Because Bell ignored his colleagues' recommendations and invoked a rule that neither was on the books when Romkes was hired nor approved by the appropriate university committee, many connected with the school wonder if Romkes' personal life was more of a factor than his funding record.
Romkes says he has met with Bell only twice: once during the interview process (he says he didn't out himself to Bell during his interview process, although his colleagues have known since he started at KU that he's gay), and later when Bell told him that he was not supporting his tenure bid. This leads Romkes to believe that Bell was motivated by "something nonprofessional." Romkes says he has been with his partner, civil engineer Matt Murphy, for 10 years, and adds that he has never experienced intolerance; his only complaint is awkward social situations.
"I've gotten used to it because I am the only one that brings their same-sex partner to these functions," Romkes says. "Is that intolerance? No, not really."
Barrett-Gonzalez, who has tenure, is a little more blunt: "I believe that the dean, who was the principal administrator who made the decision, has allowed his own personal inclinations and personal prejudices to cloud his professional judgment."
Several professors and former students have formed a support team called KU Alumni for Romkes, which has sent pamphlets to media outlets titled "KU: A Straight Place to Be."
"It is beyond suspicious that professor Romkes is also the first and only openly gay faculty member ever to have served in KU's School of Engineering," one mailer reads. "There are so many apparent irregularities and violations of rules, that one can only conclude that the checks and balances of KU's promotion, tenure and redress processes are fundamentally broken."
Jess denies that discrimination played any role in Romkes' review: "As is clear from Assistant Professor Romkes' court filings, the department chair, dean, University Promotion & Tenure Committee and provost all recommended against tenure because his research record did not meet the university's standard. There are no allegations of discrimination in Romkes' court filings because the university does not discriminate."
In an e-mailed statement, Bell recited almost verbatim the university's position that Romkes was not discriminated against. Bell also wrote that obtaining funding is as important for faculty members as for students.

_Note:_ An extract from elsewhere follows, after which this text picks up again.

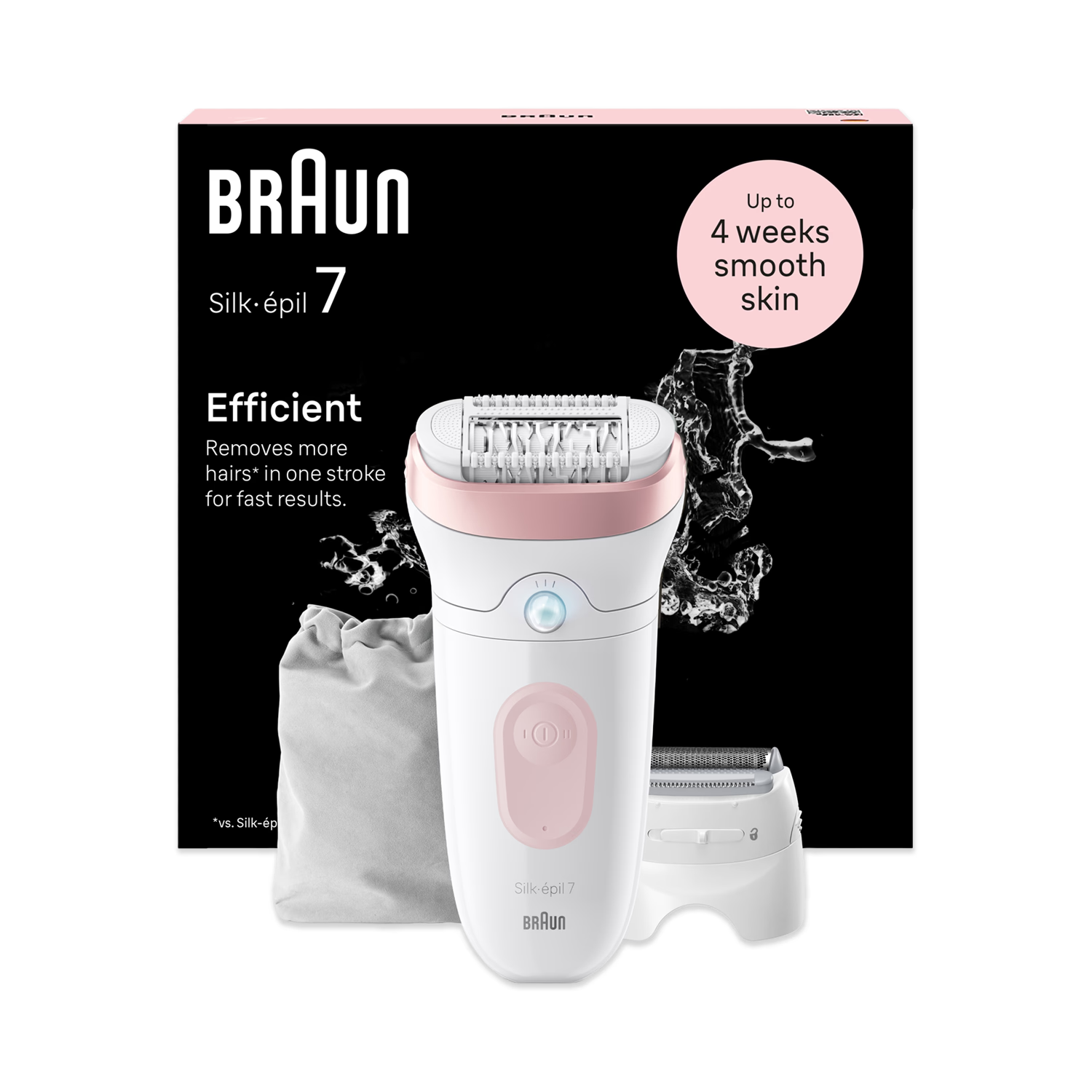 Braun epilator SE7-030, imported from the UK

"It is worth noting that engineering programs at research universities across the nation place great emphasis on research including the ability of faculty members to secure significant research funding," Bell wrote. "This funding helps ensure that our students are taught the latest concepts and are taught by faculty who are at the leading edge of their respective fields, both now and into the future. It is how we attract and support top graduate students. It is how we drive innovation and discovery, and enable our undergraduate students to learn from and conduct research with leading scholars."